* [TASK TO CARRY OUT]:
When you reach the line containing "OIL ON CANVAS" in the data below, begin returning lines exactly as written, and stop once the line containing "Brown & Ivory" has been returned.

--- LISTED RECORDS ---

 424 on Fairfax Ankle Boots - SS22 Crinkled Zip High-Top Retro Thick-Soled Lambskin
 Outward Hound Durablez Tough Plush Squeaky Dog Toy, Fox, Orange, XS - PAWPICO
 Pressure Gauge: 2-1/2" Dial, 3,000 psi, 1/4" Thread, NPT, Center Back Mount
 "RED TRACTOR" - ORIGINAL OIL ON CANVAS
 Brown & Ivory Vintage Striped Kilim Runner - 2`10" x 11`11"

---
--- LISTED RECORDS ---

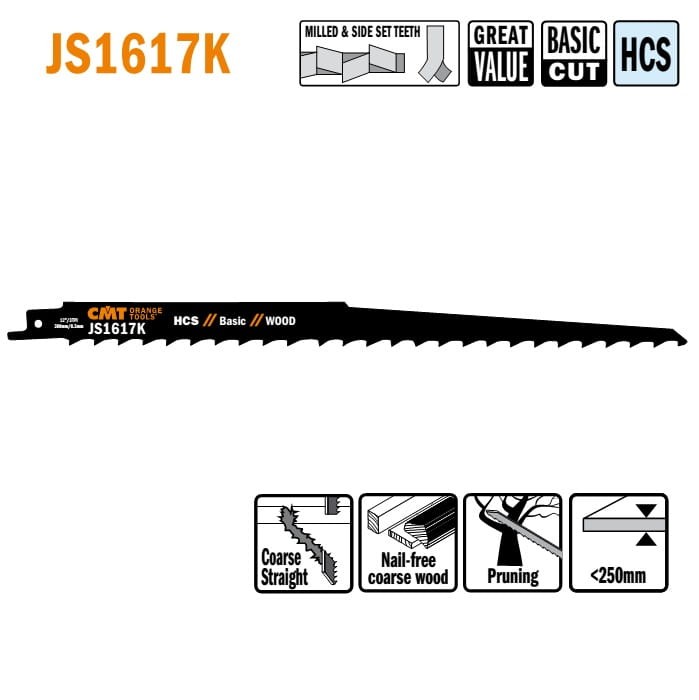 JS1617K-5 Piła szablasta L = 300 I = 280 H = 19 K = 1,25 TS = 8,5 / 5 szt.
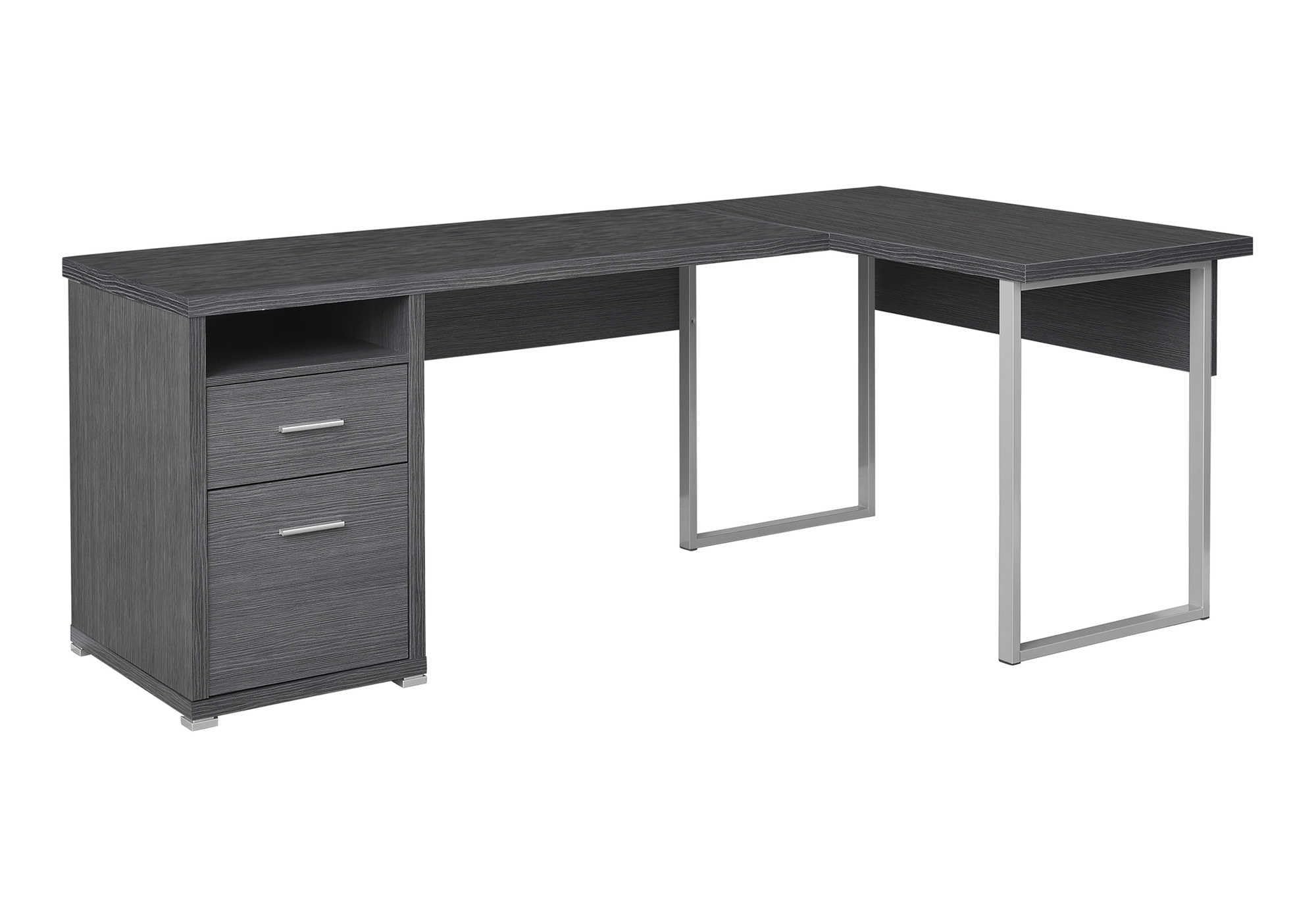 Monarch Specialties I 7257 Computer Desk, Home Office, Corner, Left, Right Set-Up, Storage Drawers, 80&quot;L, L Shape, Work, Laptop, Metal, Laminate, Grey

---
--- LISTED RECORDS ---

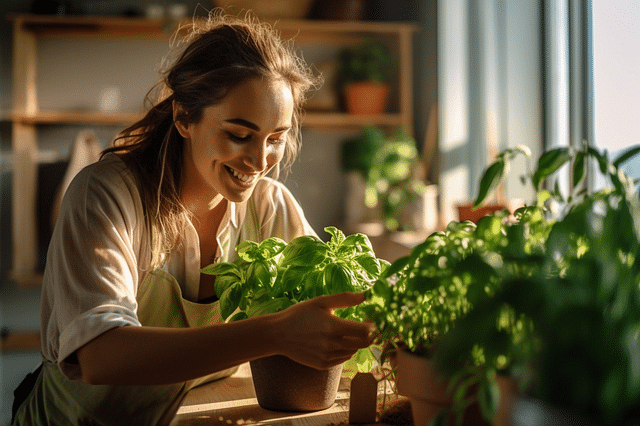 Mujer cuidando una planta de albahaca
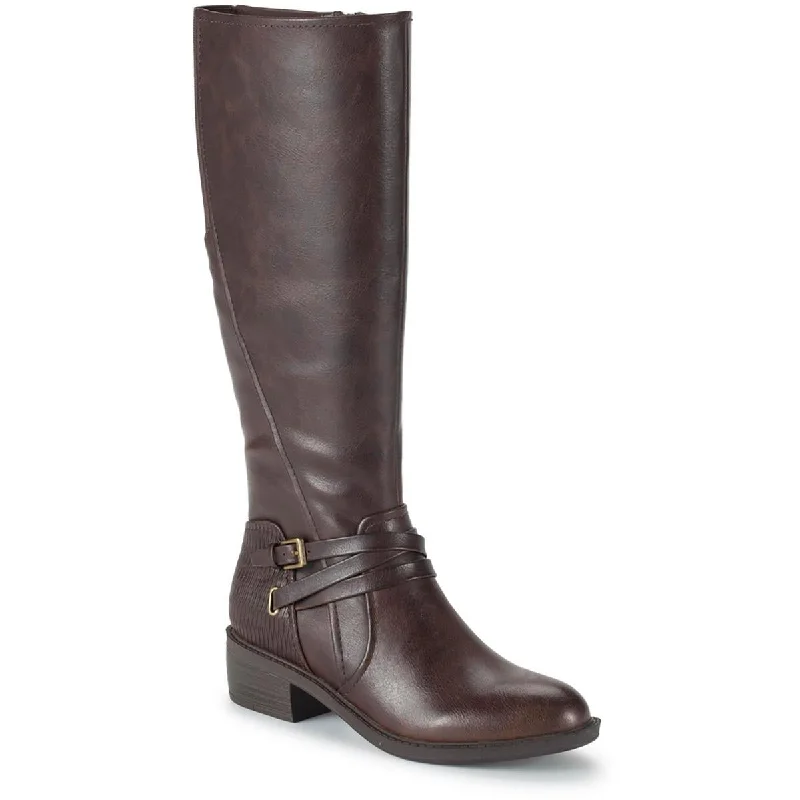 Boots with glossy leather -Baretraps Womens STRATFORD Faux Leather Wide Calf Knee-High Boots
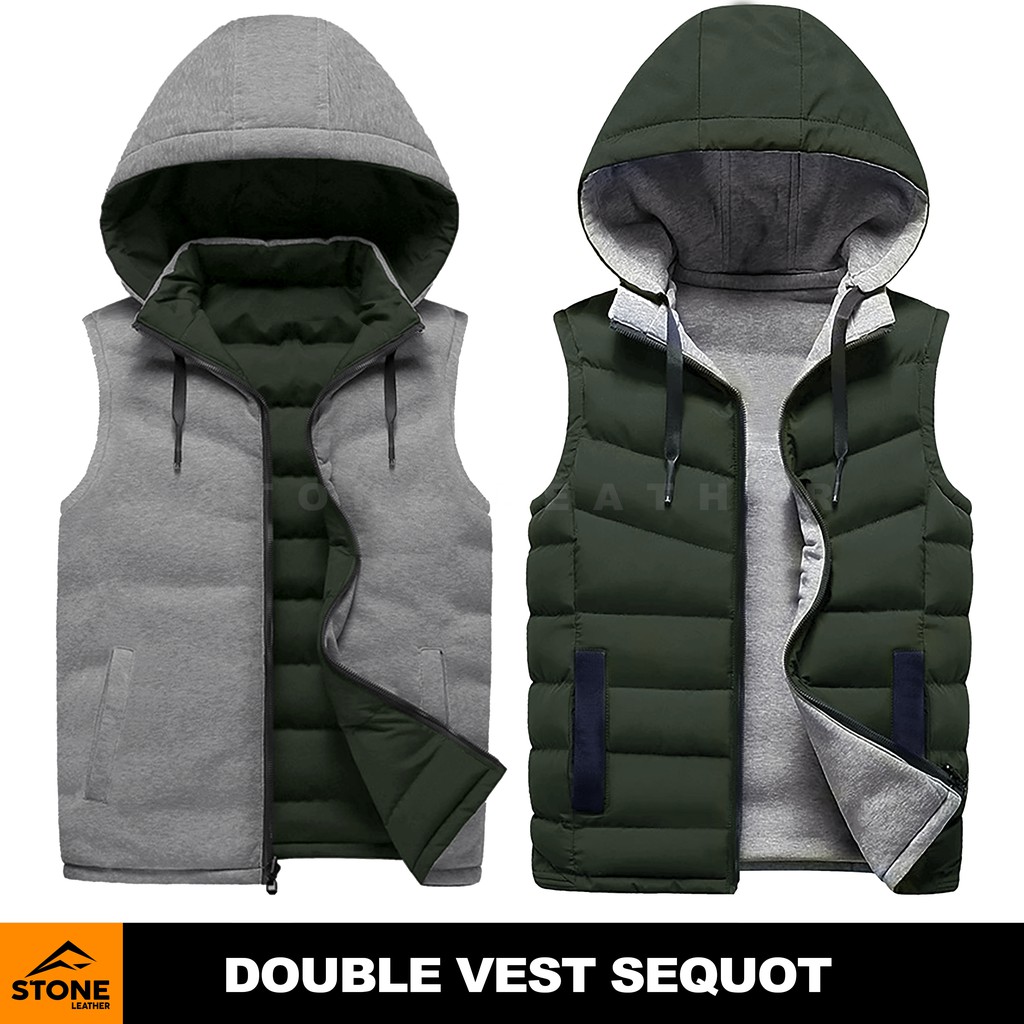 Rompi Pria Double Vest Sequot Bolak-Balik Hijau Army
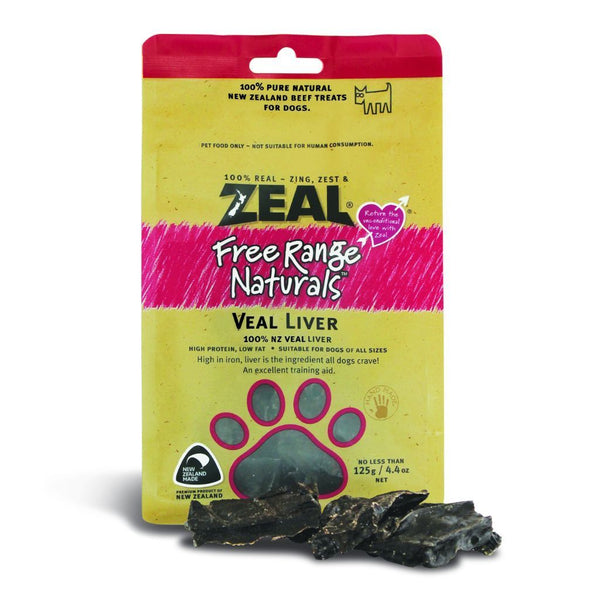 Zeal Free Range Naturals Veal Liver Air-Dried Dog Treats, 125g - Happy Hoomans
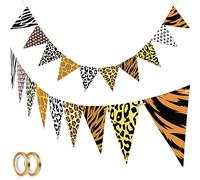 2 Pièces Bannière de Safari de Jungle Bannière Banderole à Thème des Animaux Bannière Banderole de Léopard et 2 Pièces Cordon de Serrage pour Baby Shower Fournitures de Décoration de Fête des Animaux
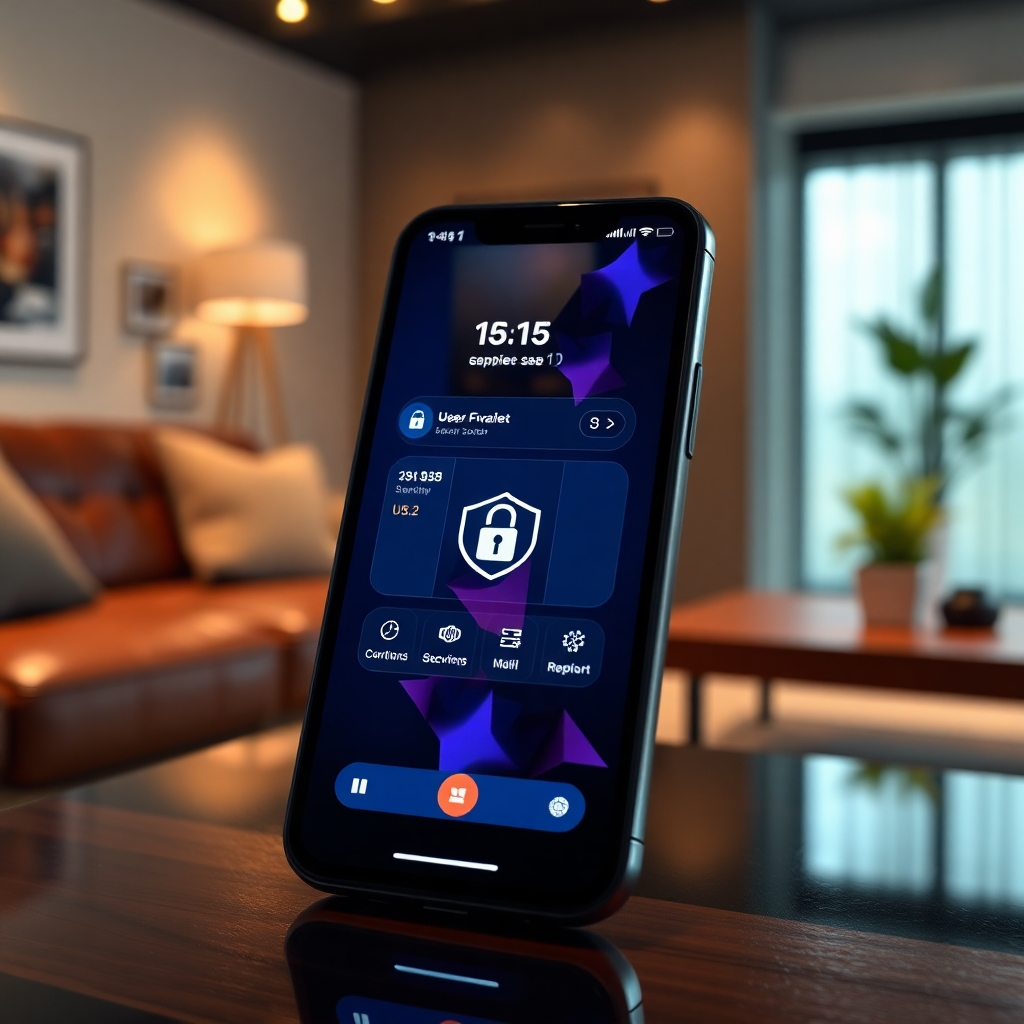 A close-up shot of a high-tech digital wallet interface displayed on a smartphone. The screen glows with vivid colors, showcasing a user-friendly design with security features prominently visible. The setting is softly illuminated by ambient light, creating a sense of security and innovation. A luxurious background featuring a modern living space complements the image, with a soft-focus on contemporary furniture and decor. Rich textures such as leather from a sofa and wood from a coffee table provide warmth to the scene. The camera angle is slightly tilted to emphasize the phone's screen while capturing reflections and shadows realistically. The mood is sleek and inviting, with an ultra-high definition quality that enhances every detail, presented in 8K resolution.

---

* [ANSWER SPACE]:
 "RED TRACTOR" - ORIGINAL OIL ON CANVAS
 Brown & Ivory Vintage Striped Kilim Runner - 2`10" x 11`11"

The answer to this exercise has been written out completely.